Moda

Mag 21 LOUIS VUITTON CRUISE 2027: QUANDO IL LUSSO CERCA ANCORA NEW YORK

Per raccontare il futuro, la moda continua ostinatamente a tornare a New York. È quasi un riflesso condizionato. E così anche Nicolas Ghesquière, per la collezione Cruise 2027 di Louis Vuitton, costruisce un racconto che si muove tra Parigi e Manhattan, tra savoir-faire francese e immaginario americano, tra aristocrazia culturale e cultura pop. Un dialogo che sulla carta appare ambizioso, stratificato, persino cinematografico. Ma che proprio per questo rischia continuamente di oscillare tra profondità autentica e sofisticata operazione di branding culturale.

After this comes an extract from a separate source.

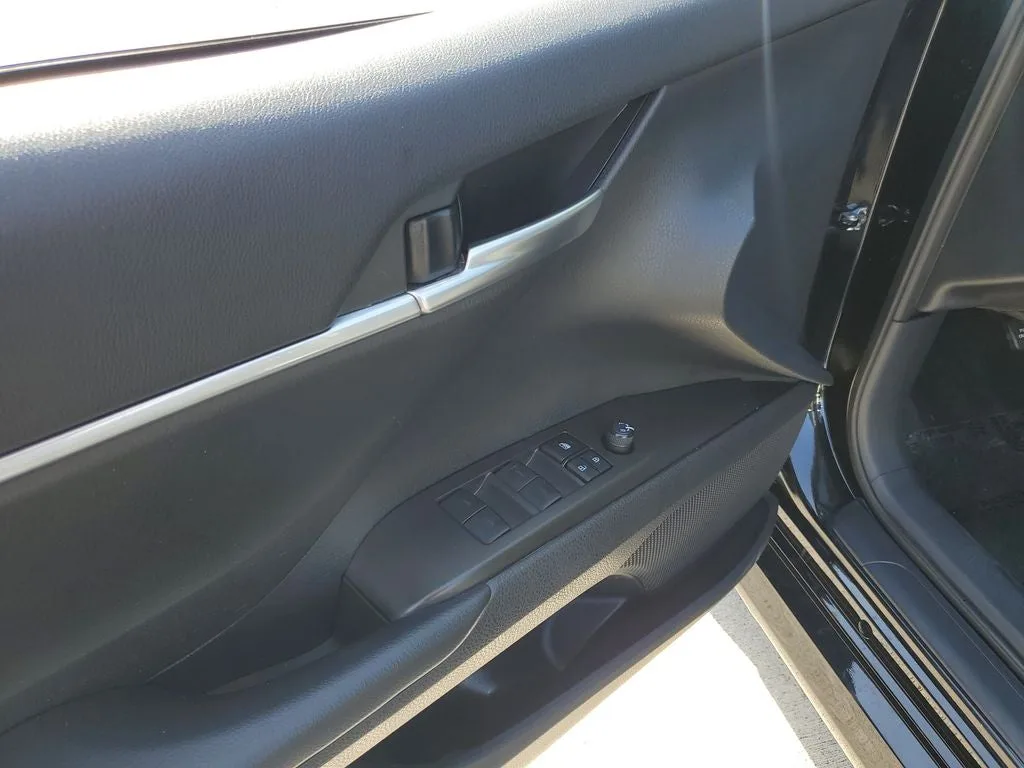 2023 Toyota Camry LE photo 17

Il testo che accompagna la collezione insiste ossessivamente sul concetto di dualità: uptown e downtown, passato e futuro, vecchio mondo e nuovo mondo, pop art e alta artigianalità. È una New York raccontata quasi come una mitologia contemporanea, più che come una città reale. Una città simbolica, utilizzata da Ghesquière come enorme archivio visivo da cui prelevare codici, frammenti e nostalgie.

Non è casuale la scelta della Frick Collection come scenario ideale di questo racconto. La Frick rappresenta una New York aristocratica, colta, quasi europea, distante anni luce dalla metropoli ruvida e caotica che ha generato la vera cultura underground americana. Ed è proprio in questa tensione che la collezione sembra voler abitare: quella tra lusso istituzionale e appropriazione estetica della ribellione.

L’elemento più interessante — e forse anche più problematico — è infatti il recupero di Keith Haring. La scoperta di una valigia Vuitton degli anni ’30 reinterpretata dall’artista americano diventa il pretesto per trasformare il suo linguaggio in decorazione moda. Ma qui emerge una domanda inevitabile: cosa resta oggi della forza sovversiva della pop art quando viene inglobata definitivamente nel sistema del lusso globale?

Haring nasceva come gesto urbano, democratico, accessibile. Disegnava nella metropolitana, nei luoghi pubblici, in mezzo alle persone. Vederlo trasformato in ricamo, accessorio o motivo decorativo per una collezione Cruise da milioni di euro produce inevitabilmente una frizione. Affascinante, certo. Ma anche emblematica del nostro tempo: tutto può essere assorbito dal lusso, persino ciò che nasceva per contestarlo.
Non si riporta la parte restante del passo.